- _What needs to be done_: The records are to be repeated exactly, and any images in them are to be dropped.

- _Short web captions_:
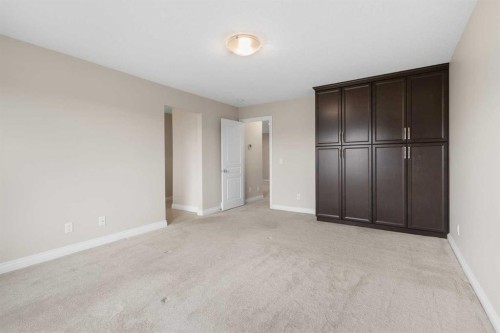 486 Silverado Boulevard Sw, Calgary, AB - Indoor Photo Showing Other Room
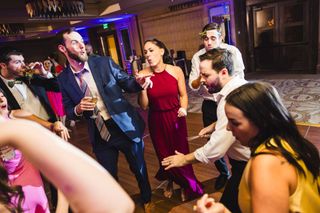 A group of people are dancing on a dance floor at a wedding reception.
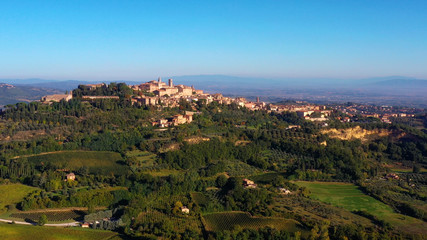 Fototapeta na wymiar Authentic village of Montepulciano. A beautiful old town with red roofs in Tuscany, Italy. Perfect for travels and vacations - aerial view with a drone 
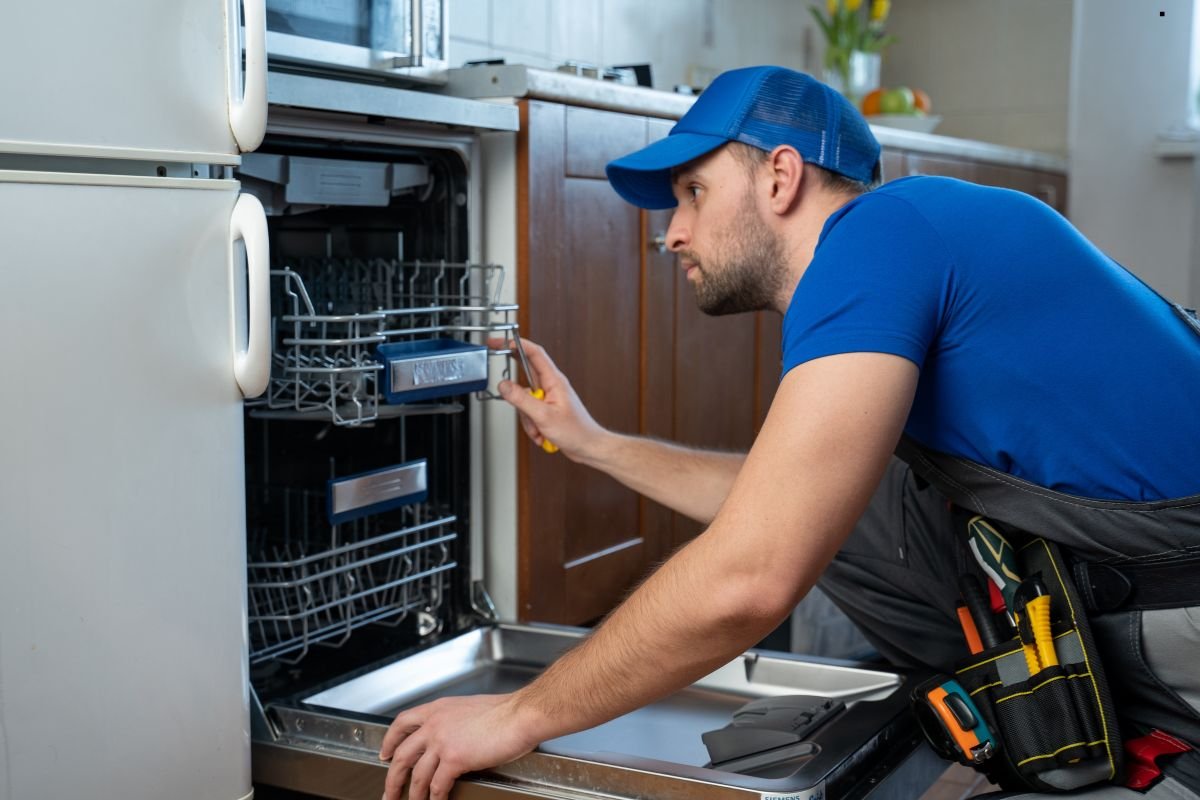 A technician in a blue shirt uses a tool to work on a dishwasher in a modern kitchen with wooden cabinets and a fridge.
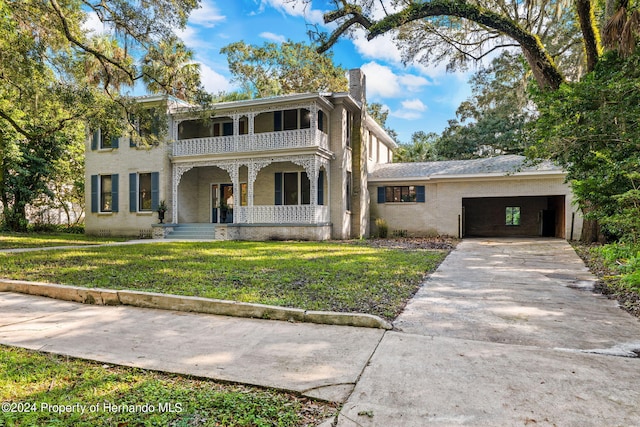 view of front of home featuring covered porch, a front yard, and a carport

- _Task output_:
 486 Silverado Boulevard Sw, Calgary, AB - Indoor Photo Showing Other Room
 A group of people are dancing on a dance floor at a wedding reception.
 Fototapeta na wymiar Authentic village of Montepulciano. A beautiful old town with red roofs in Tuscany, Italy. Perfect for travels and vacations - aerial view with a drone 
 A technician in a blue shirt uses a tool to work on a dishwasher in a modern kitchen with wooden cabinets and a fridge.
 view of front of home featuring covered porch, a front yard, and a carport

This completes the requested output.